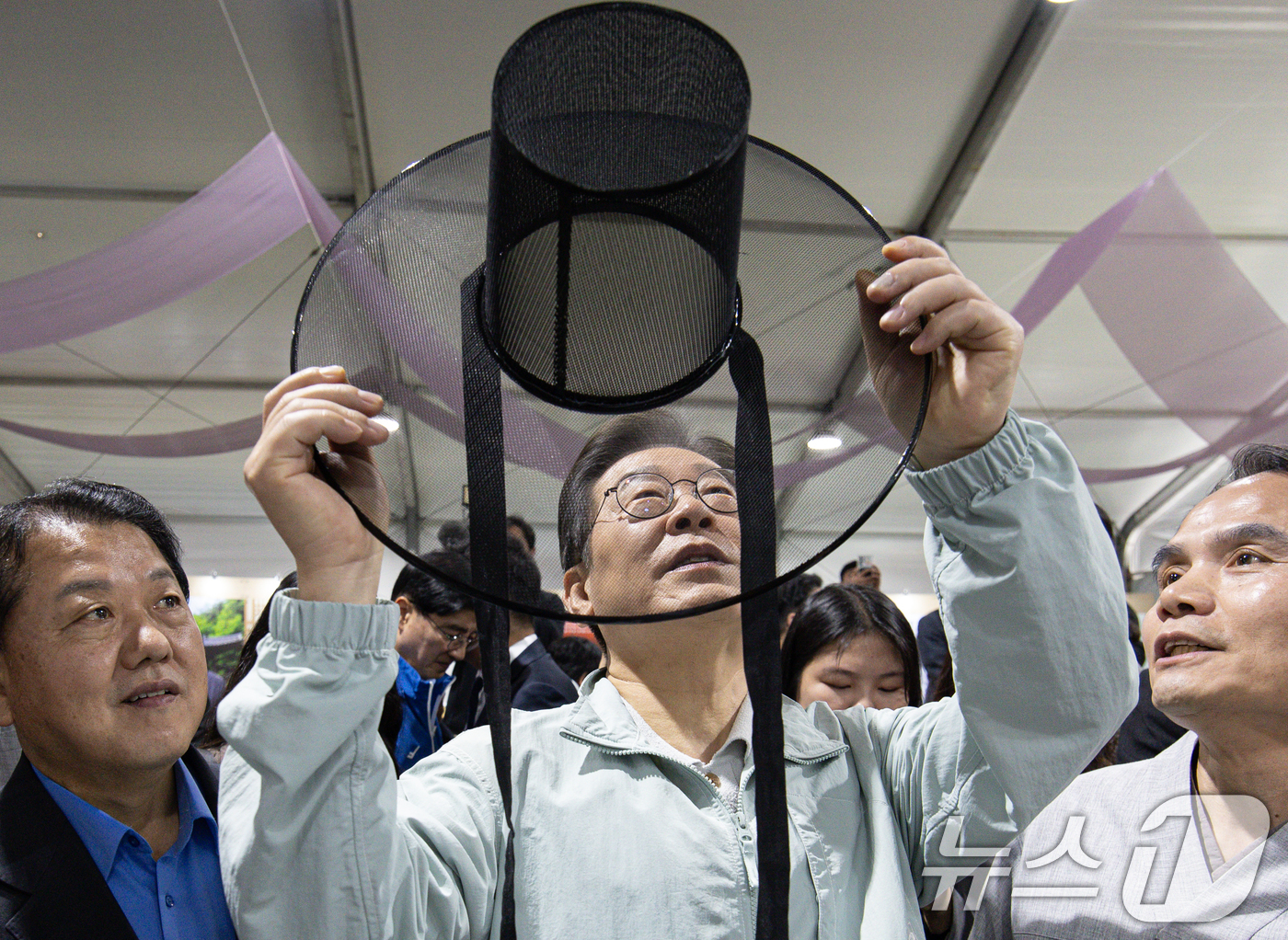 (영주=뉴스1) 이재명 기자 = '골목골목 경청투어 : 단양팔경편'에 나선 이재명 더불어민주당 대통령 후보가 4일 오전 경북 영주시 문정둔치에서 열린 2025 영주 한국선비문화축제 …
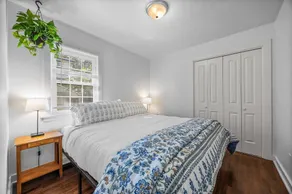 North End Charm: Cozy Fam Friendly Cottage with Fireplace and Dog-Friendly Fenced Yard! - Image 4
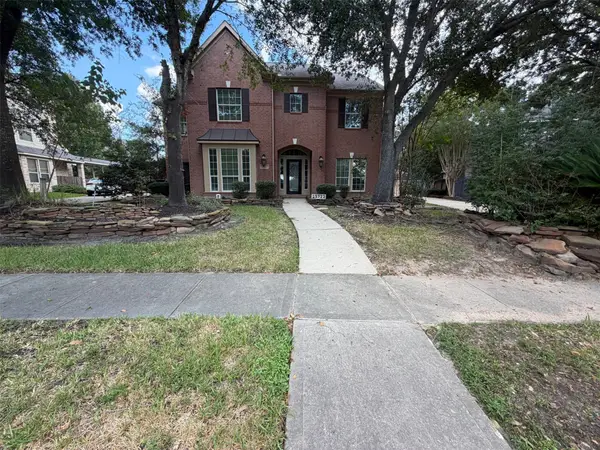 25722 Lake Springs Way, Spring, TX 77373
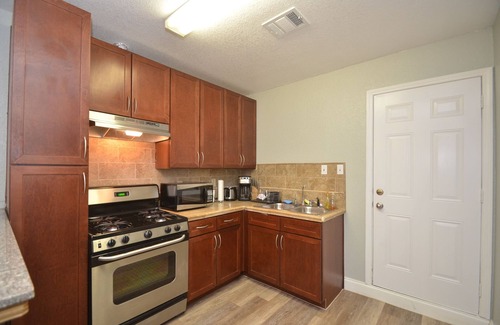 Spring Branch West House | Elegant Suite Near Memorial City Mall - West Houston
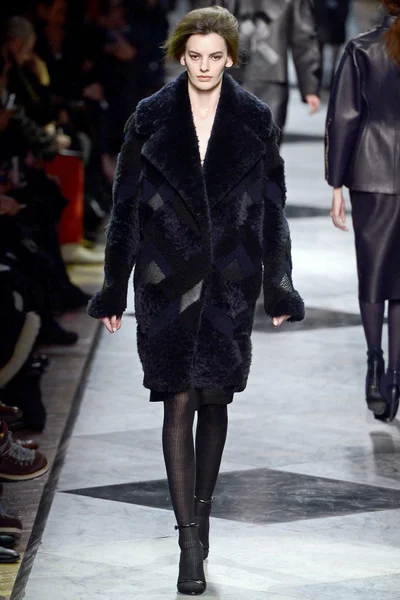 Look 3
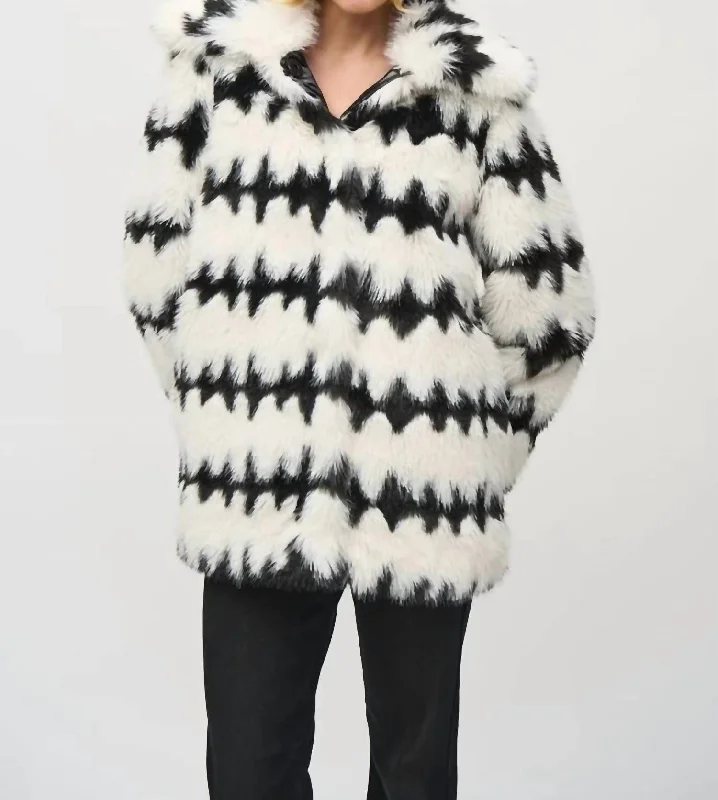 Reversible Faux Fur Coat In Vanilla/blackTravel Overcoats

= = = = = = =

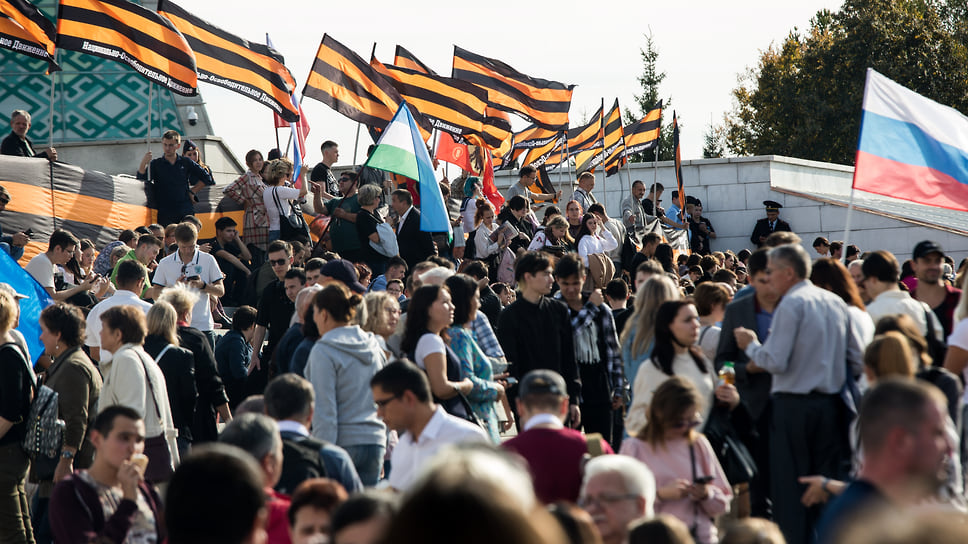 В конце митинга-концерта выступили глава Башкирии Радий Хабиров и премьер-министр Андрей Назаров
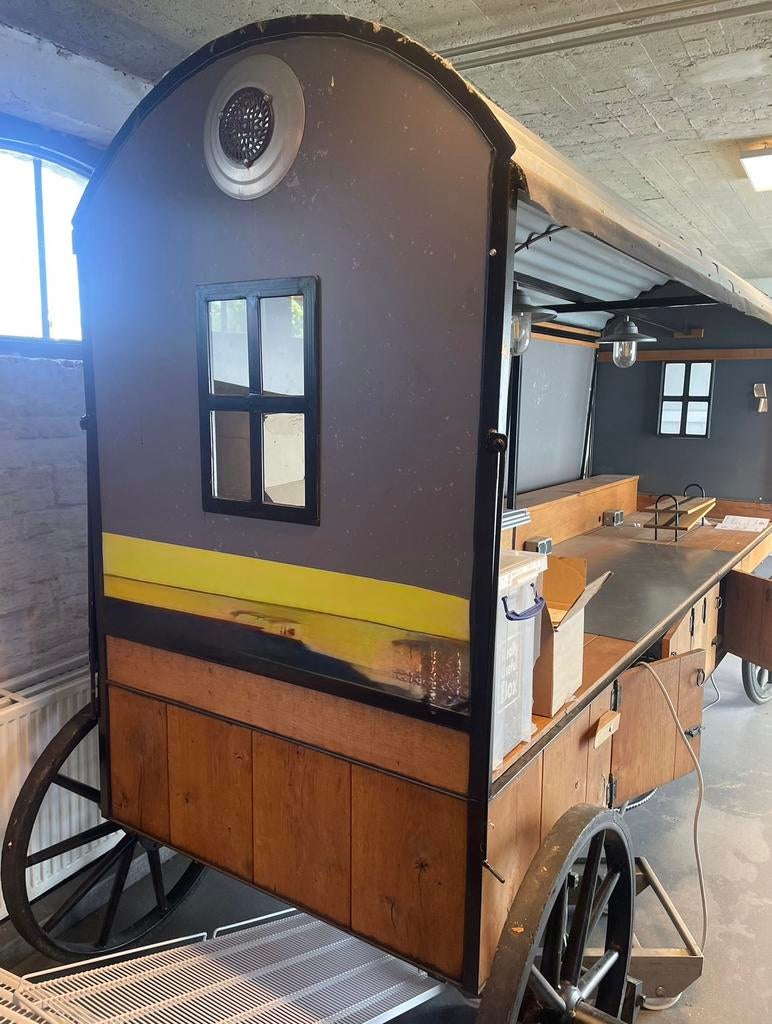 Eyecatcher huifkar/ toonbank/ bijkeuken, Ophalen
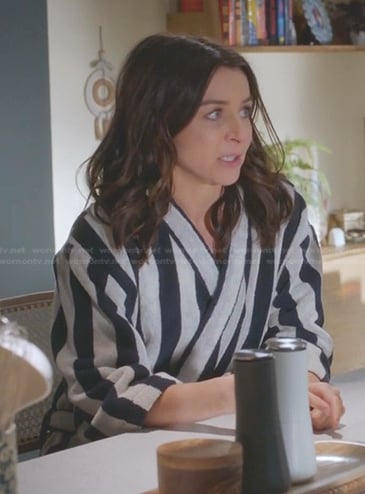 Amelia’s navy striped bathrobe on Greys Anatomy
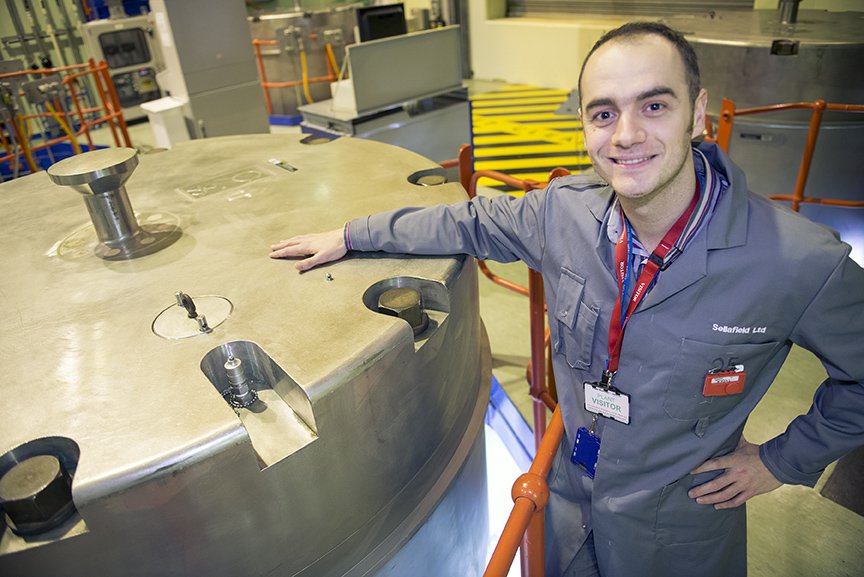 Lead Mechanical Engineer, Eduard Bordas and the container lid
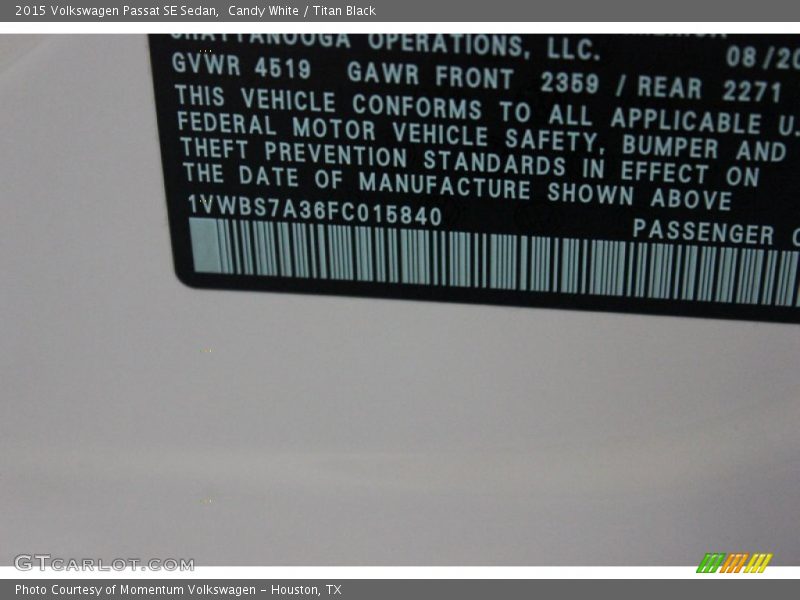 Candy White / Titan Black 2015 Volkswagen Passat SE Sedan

= = = = = = =

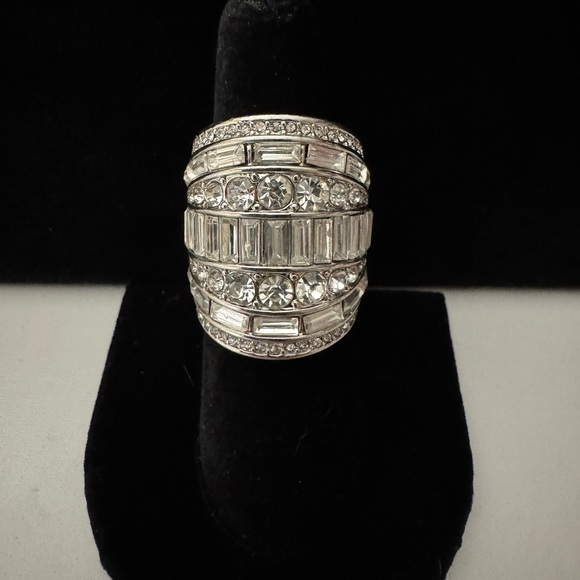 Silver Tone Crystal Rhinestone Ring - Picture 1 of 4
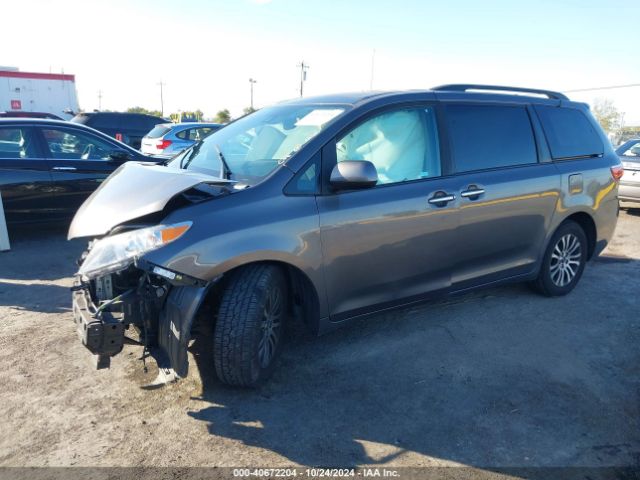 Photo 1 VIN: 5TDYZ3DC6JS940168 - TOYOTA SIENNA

= = = = = = =

_DIRECTIONS FOR THIS TASK_. Pictures aside, print exactly the lines above starting with the one containing "Spring Branch West" and going on through the one containing "Reversible Faux Fur".

_RESPONSE FOR THIS EXERCISE_.
 Spring Branch West House | Elegant Suite Near Memorial City Mall - West Houston
 Look 3
 Reversible Faux Fur Coat In Vanilla/blackTravel Overcoats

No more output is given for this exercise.